ここでは、火災保険の保険金額に関わる「実損払い」について詳しく解説します。あわせて、「実損払い」と比較されることの多い「比例填補」についてもご紹介します。

火災保険における「実損払い」とは

「実損払い」とは、約款で定められた上限の範囲内で、実際に生じた損害額の全額が保険金として支払われる仕組みのこと。たとえば、建物に100万円の損害が生じた場合には100万円の保険金が、あるいは3000万円の損害が生じた場合には3000万円の保険金が支払われる仕組みが「実損払い」です。別名「実損填補」と言います。

これに対して、実際に生じた損害額の全額が支払われない仕組みが「比例填補」です。以下、「実損払い」と「比例填補」の違いについて詳しく理解しましょう。

「実損払い」と「比例填補」の違い

実際に被った損害額の全額が補償される「実損払い」に関連して、損害額の一定比率しか補償されない仕組みのことを「比例填補」と言います。

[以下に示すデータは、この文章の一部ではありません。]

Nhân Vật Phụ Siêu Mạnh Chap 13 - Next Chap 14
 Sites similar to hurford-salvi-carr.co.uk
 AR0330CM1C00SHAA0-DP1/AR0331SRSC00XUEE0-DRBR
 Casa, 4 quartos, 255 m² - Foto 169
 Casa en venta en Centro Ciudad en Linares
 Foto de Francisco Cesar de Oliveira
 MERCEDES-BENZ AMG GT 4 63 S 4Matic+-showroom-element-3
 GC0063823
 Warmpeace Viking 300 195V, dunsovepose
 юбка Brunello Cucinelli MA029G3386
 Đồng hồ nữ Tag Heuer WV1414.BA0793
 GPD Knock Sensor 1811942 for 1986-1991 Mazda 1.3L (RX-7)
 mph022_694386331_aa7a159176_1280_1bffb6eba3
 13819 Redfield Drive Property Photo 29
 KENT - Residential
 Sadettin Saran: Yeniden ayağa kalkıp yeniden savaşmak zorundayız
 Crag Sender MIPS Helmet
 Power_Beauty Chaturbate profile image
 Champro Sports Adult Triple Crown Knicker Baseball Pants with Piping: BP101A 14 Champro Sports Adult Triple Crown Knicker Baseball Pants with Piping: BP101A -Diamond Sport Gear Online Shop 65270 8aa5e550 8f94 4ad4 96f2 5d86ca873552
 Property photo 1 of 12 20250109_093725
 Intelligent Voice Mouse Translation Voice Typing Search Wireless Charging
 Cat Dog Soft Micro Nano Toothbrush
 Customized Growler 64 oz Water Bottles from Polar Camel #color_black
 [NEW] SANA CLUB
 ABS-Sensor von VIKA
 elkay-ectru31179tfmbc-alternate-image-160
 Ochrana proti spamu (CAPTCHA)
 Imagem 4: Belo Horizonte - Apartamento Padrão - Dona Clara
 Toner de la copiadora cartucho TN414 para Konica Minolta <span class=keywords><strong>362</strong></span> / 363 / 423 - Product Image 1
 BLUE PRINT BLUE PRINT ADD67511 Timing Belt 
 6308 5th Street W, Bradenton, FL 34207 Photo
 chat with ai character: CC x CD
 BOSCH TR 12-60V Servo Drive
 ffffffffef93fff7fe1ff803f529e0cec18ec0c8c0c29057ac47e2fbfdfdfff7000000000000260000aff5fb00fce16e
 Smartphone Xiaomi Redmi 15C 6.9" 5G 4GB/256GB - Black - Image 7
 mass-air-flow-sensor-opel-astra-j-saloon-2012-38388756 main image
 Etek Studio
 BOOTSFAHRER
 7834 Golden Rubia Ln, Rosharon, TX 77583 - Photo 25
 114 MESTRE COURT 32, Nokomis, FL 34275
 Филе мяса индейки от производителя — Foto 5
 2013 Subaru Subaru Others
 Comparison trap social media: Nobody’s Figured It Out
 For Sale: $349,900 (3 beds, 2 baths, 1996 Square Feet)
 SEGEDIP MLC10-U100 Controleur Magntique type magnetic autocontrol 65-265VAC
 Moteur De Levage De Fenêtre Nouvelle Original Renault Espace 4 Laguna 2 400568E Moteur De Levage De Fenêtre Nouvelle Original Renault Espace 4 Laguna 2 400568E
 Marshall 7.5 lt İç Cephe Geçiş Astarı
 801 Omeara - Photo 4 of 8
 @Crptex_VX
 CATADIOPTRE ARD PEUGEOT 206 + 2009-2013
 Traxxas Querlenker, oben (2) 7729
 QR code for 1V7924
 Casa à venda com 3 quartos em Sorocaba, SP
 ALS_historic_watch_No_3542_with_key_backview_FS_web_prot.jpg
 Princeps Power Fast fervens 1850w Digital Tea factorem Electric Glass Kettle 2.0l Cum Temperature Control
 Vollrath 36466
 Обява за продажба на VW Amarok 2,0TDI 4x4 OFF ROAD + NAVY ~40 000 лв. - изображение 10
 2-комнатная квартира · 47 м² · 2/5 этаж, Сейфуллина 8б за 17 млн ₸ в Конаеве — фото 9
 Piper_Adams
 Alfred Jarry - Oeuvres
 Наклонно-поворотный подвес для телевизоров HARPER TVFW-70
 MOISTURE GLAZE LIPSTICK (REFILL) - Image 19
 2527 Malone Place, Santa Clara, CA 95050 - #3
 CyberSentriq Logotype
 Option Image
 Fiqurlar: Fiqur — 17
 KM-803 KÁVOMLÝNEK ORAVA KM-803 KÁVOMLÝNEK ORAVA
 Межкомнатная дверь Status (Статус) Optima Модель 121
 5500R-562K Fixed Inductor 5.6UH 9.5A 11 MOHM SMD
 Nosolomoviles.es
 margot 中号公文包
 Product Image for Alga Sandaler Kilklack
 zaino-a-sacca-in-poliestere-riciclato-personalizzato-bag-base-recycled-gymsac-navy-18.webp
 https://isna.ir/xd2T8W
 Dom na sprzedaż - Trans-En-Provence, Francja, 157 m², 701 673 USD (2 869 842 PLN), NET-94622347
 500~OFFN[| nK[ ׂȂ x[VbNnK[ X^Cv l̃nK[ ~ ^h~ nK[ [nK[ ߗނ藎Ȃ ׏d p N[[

火災保険の支払いを「比例填補」で契約している場合、実際に建物や家財に被害が生じた際、保険金の支払いにおいて思わぬ事態に直面することもあるので、注意が必要です。具体的には、次のような事例があります。

「比例填補」における落とし穴

  1. 3000万円の保険に加入した。
  2. 火災に遭い、1000万円の被害が生じた。
  3. 保険金は600万円しか支払われなかった。

この事例の場合、一般的には「3000万円の保険に入っていて損害額は1000万円なのだから、保険金も1000万円おりるのでは?」と考えるかも知れません。しかしながら、なぜか保険会社は600万円しか支払ってくれませんでした。これが「比例填補」の落とし穴です。

なぜ600万円しか支払われなかったのか?

火災保険に加入時の建物の時価に対し、どれだけの保険金を設定していたか、という点がポイントです。

仮に時価5000万円の建物に対して3000万円の保険金を設定して契約した場合、建物に何らかの被害が生じても、「3000万円 ÷ 5000万円 = 60%」までの保険金しかおりないのが「比例填補」です。よって建物に1000万円の損害が生じた場合、たとえ契約保険金が3000万円であったとしても「1000万円 × 60% = 600万円」しか支払われないことになります。

なお、もし時価5000万円の建物に対して、同じく5000万円の保険金を設定していれば「5000万円 ÷ 5000万円 = 100%」の保険金が支払われる仕組みになります。この場合、建物に1000万円の被害が生じたとしても100%が補償されるため、支払われる保険金は1000万円となります(実損払い)。

どちらを選んだほうがお得?

火災等によって被害が生じた場合、もちろん、被害の全額を補償してもらえる「実損払い」のほうが「比例填補」よりも有利になります。よって、火災保険の加入や乗り換えを検討している方は、万が一の場合に備えて、可能であれば「実損払い」型の火災保険に加入するようにしたいものです。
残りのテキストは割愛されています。